NH_{3} + O_{2} → NO_{2}^{−} + 3H^{+} + 2e^{−}

NO_{2}^{−} + H_{2}O → NO_{3}^{−} + 2H^{+} + 2e^{−}

Crucially, this process is believed to only occur in the absence of light (or as some other function of depth). In the ocean, this leads to a vertical separation of nitrification from primary production, and confines it to the aphotic zone. This leads to the situation whereby any nitrate in the water column must be from the aphotic zone, and must have originated from organic material transported there by sinking. Primary production fuelled by nitrate is, therefore, making use of a "fresh" nutrient source rather than a regenerated one. Production by nitrate is thus referred to as new production.

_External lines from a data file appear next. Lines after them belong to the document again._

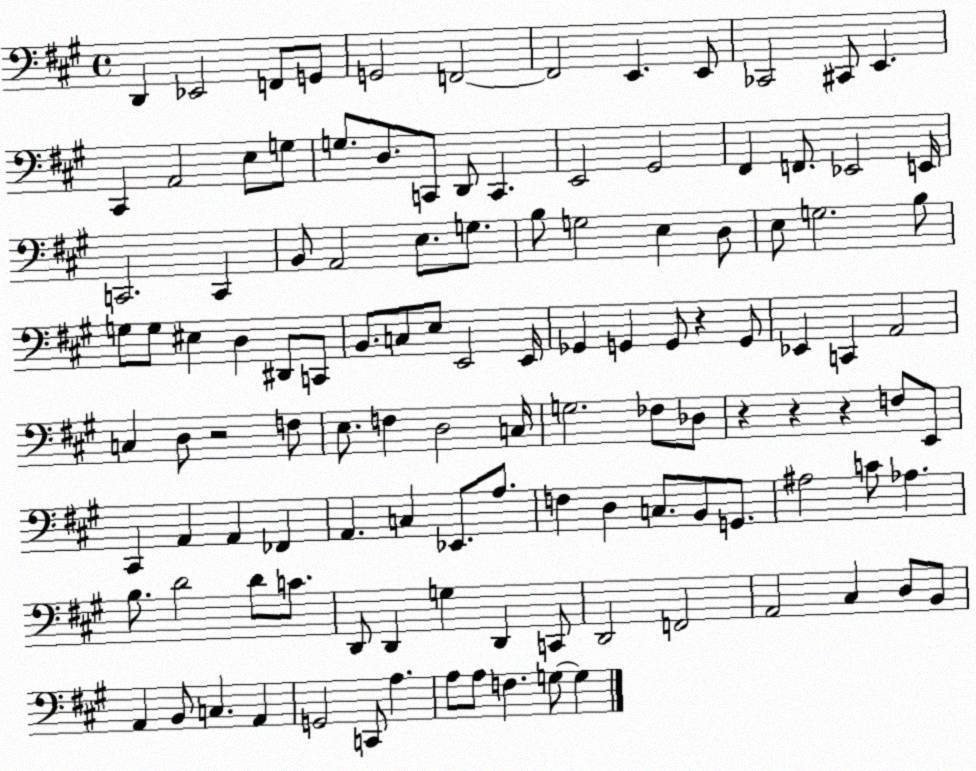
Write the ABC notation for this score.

X:1
T:Untitled
M:4/4
L:1/4
K:A
D,, _E,,2 F,,/2 G,,/2 G,,2 F,,2 F,,2 E,, E,,/2 _C,,2 ^C,,/2 E,, ^C,, A,,2 E,/2 G,/2 G,/2 D,/2 C,,/2 D,,/2 C,, E,,2 ^G,,2 ^F,, F,,/2 _E,,2 E,,/4 C,,2 C,, B,,/2 A,,2 E,/2 G,/2 B,/2 G,2 E, D,/2 E,/2 G,2 B,/2 G,/2 G,/2 ^E, D, ^D,,/2 C,,/2 B,,/2 C,/2 E,/2 E,,2 E,,/4 _G,, G,, G,,/2 z G,,/2 _E,, C,, A,,2 C, D,/2 z2 F,/2 E,/2 F, D,2 C,/4 G,2 _F,/2 _D,/2 z z z F,/2 E,,/2 ^C,, A,, A,, _F,, A,, C, _E,,/2 A,/2 F, D, C,/2 B,,/2 G,,/2 ^A,2 C/2 _A, B,/2 D2 D/2 C/2 D,,/2 D,, G, D,, C,,/2 D,,2 F,,2 A,,2 ^C, D,/2 B,,/2 A,, B,,/2 C, A,, G,,2 C,,/2 A, A,/2 A,/2 F, G,/2 G, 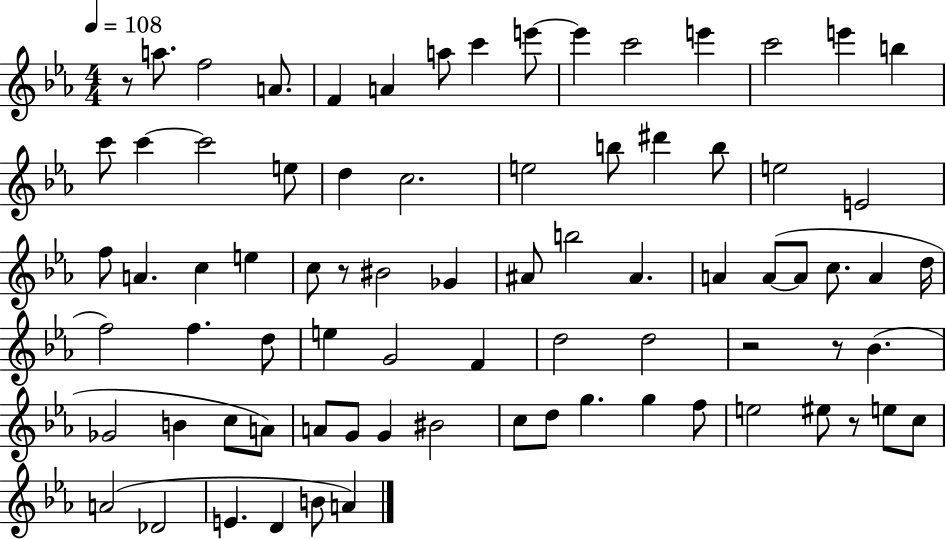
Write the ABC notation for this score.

X:1
T:Untitled
M:4/4
L:1/4
K:Eb
z/2 a/2 f2 A/2 F A a/2 c' e'/2 e' c'2 e' c'2 e' b c'/2 c' c'2 e/2 d c2 e2 b/2 ^d' b/2 e2 E2 f/2 A c e c/2 z/2 ^B2 _G ^A/2 b2 ^A A A/2 A/2 c/2 A d/4 f2 f d/2 e G2 F d2 d2 z2 z/2 _B _G2 B c/2 A/2 A/2 G/2 G ^B2 c/2 d/2 g g f/2 e2 ^e/2 z/2 e/2 c/2 A2 _D2 E D B/2 A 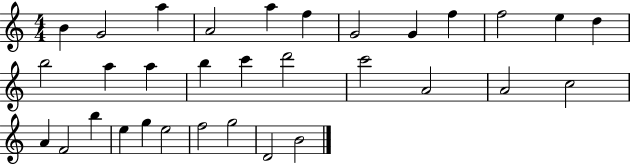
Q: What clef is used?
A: treble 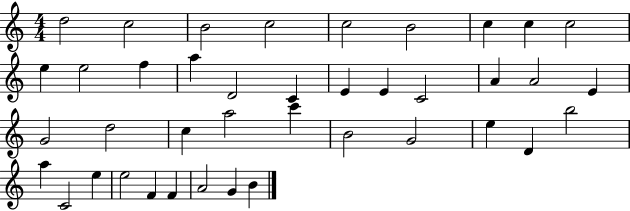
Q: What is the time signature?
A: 4/4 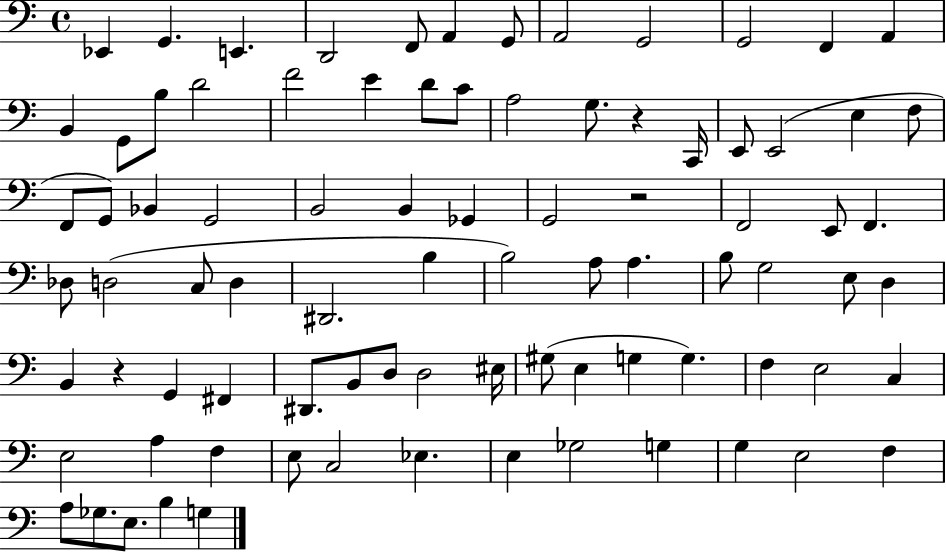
X:1
T:Untitled
M:4/4
L:1/4
K:C
_E,, G,, E,, D,,2 F,,/2 A,, G,,/2 A,,2 G,,2 G,,2 F,, A,, B,, G,,/2 B,/2 D2 F2 E D/2 C/2 A,2 G,/2 z C,,/4 E,,/2 E,,2 E, F,/2 F,,/2 G,,/2 _B,, G,,2 B,,2 B,, _G,, G,,2 z2 F,,2 E,,/2 F,, _D,/2 D,2 C,/2 D, ^D,,2 B, B,2 A,/2 A, B,/2 G,2 E,/2 D, B,, z G,, ^F,, ^D,,/2 B,,/2 D,/2 D,2 ^E,/4 ^G,/2 E, G, G, F, E,2 C, E,2 A, F, E,/2 C,2 _E, E, _G,2 G, G, E,2 F, A,/2 _G,/2 E,/2 B, G, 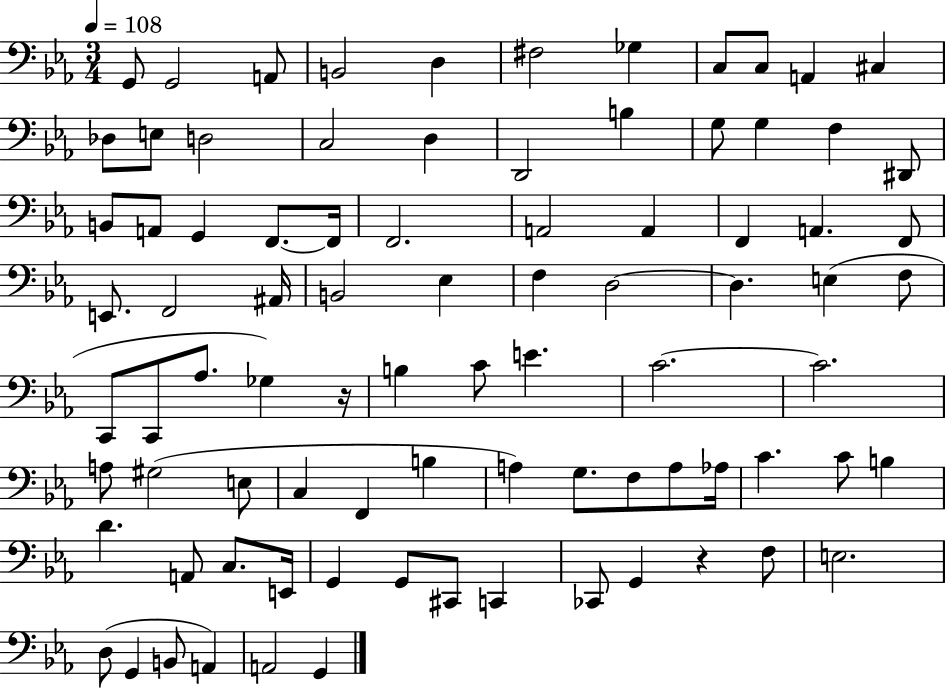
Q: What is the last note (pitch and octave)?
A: G2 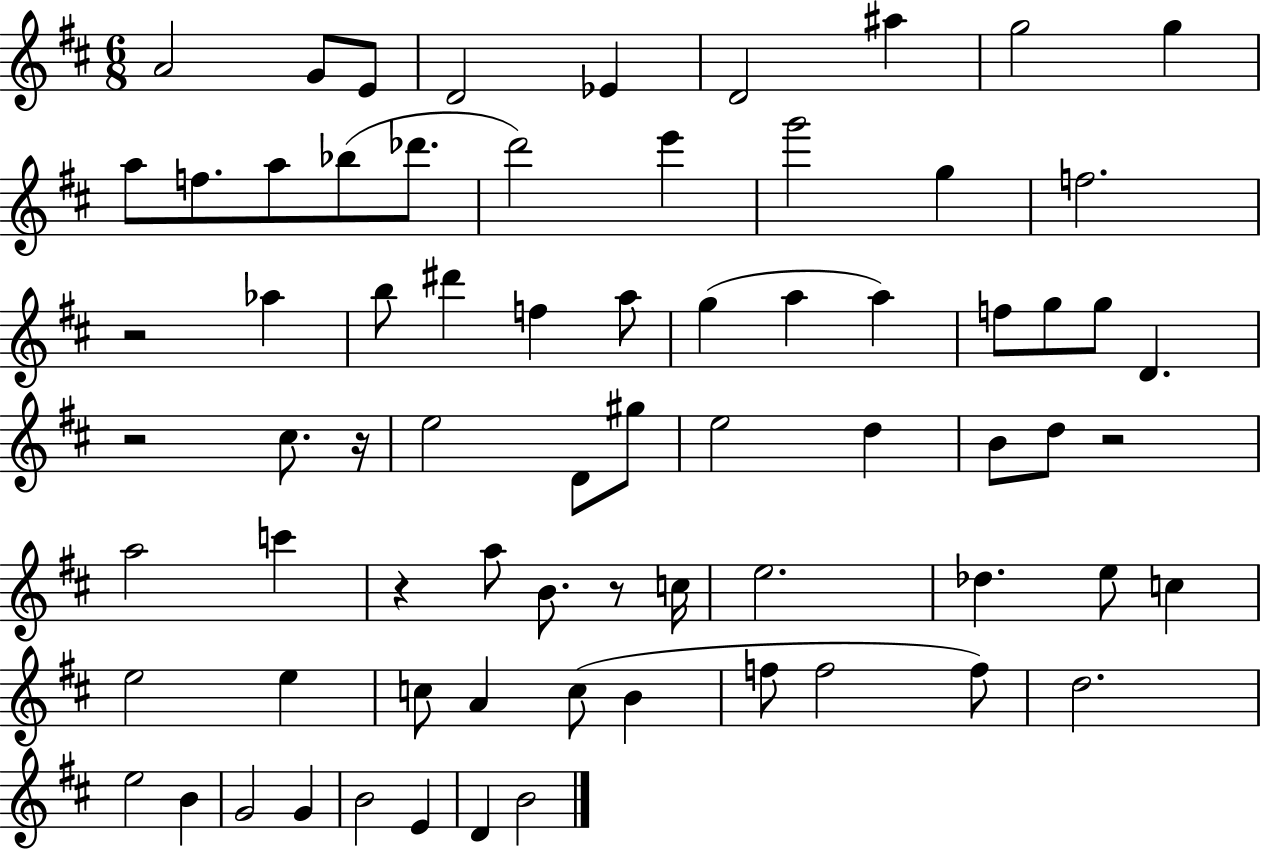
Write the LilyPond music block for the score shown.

{
  \clef treble
  \numericTimeSignature
  \time 6/8
  \key d \major
  a'2 g'8 e'8 | d'2 ees'4 | d'2 ais''4 | g''2 g''4 | \break a''8 f''8. a''8 bes''8( des'''8. | d'''2) e'''4 | g'''2 g''4 | f''2. | \break r2 aes''4 | b''8 dis'''4 f''4 a''8 | g''4( a''4 a''4) | f''8 g''8 g''8 d'4. | \break r2 cis''8. r16 | e''2 d'8 gis''8 | e''2 d''4 | b'8 d''8 r2 | \break a''2 c'''4 | r4 a''8 b'8. r8 c''16 | e''2. | des''4. e''8 c''4 | \break e''2 e''4 | c''8 a'4 c''8( b'4 | f''8 f''2 f''8) | d''2. | \break e''2 b'4 | g'2 g'4 | b'2 e'4 | d'4 b'2 | \break \bar "|."
} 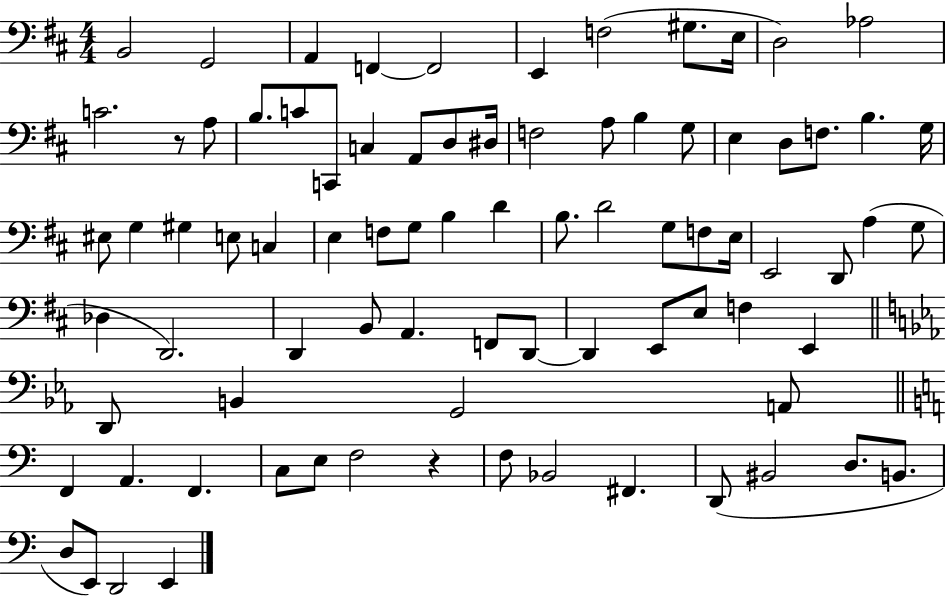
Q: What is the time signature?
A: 4/4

To sum up, production based on nitrate is using nutrient molecules newly arrived from outside the productive layer, it is termed new production. The rate of nitrate utilization remains a good measure of the new production. While if the organic matter is then eaten, respired and the nitrogen excreted as ammonia, its subsequent uptake and re-incorporation in organic matter by phytoplankton is termed recycled (or regenerated) production. The rate of ammonia utilization is, in the same sense, a measure of recycled production.

The use of ^{15}N-compounds makes it possible to measure the fractions of new nitrogen and regenerated nitrogen associated with the primary production in the sea.